== INPUT RECORDS ==
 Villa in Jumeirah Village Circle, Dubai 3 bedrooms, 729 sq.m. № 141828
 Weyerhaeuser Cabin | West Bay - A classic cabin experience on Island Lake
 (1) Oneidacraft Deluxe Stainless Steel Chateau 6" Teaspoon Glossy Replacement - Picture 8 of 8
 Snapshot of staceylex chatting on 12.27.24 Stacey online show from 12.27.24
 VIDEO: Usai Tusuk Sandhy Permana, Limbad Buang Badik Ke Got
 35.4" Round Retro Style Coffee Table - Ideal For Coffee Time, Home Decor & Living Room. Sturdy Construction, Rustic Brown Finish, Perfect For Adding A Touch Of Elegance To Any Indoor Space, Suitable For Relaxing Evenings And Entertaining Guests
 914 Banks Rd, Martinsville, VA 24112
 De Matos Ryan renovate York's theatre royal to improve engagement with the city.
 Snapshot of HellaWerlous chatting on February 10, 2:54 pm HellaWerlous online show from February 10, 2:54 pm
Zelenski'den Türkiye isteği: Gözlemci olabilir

---

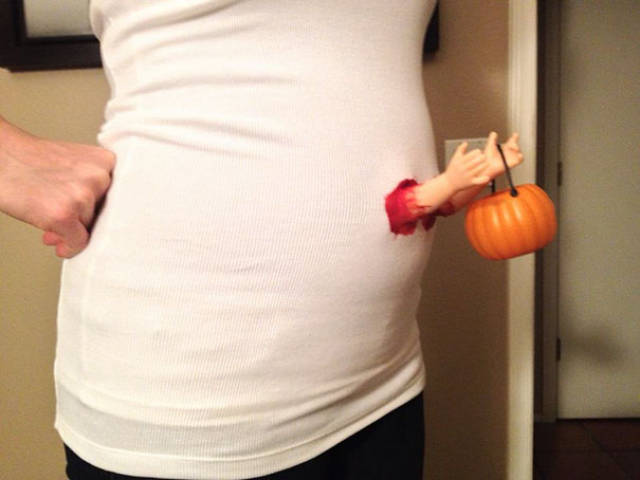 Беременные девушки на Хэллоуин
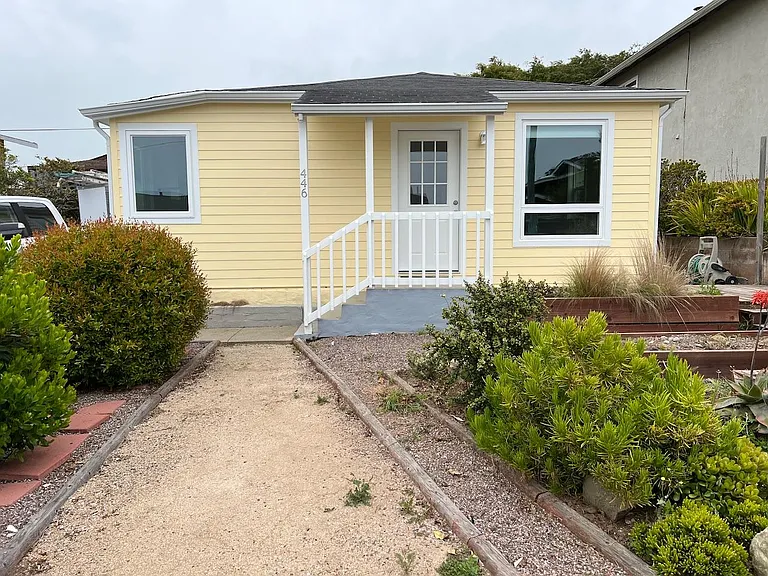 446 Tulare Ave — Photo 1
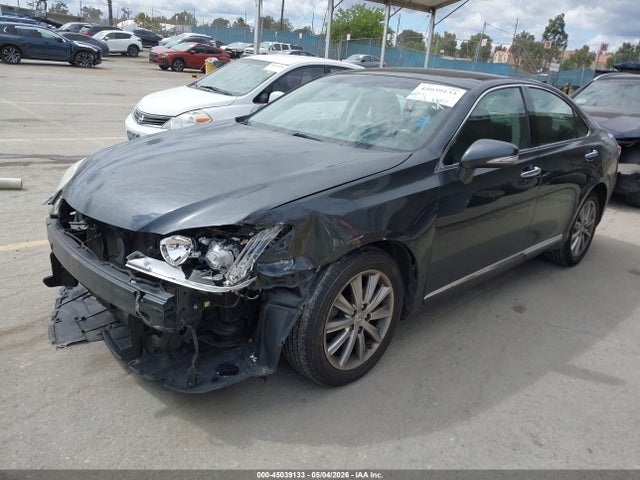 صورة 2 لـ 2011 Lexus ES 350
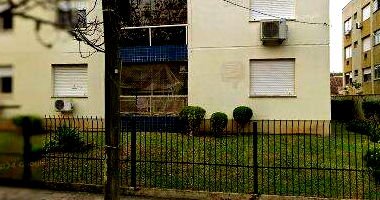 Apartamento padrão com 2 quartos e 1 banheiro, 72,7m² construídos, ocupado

== WHAT THIS TASK INVOLVES ==
Only the lines above starting with the one with "And Entertaining Guests" and going through the one with "Zelenski'den Türkiye isteği: Gözlemci" are to be copied, word for word and with both ends kept.

== OUTPUT ==
 35.4" Round Retro Style Coffee Table - Ideal For Coffee Time, Home Decor & Living Room. Sturdy Construction, Rustic Brown Finish, Perfect For Adding A Touch Of Elegance To Any Indoor Space, Suitable For Relaxing Evenings And Entertaining Guests
 914 Banks Rd, Martinsville, VA 24112
 De Matos Ryan renovate York's theatre royal to improve engagement with the city.
 Snapshot of HellaWerlous chatting on February 10, 2:54 pm HellaWerlous online show from February 10, 2:54 pm
Zelenski'den Türkiye isteği: Gözlemci olabilir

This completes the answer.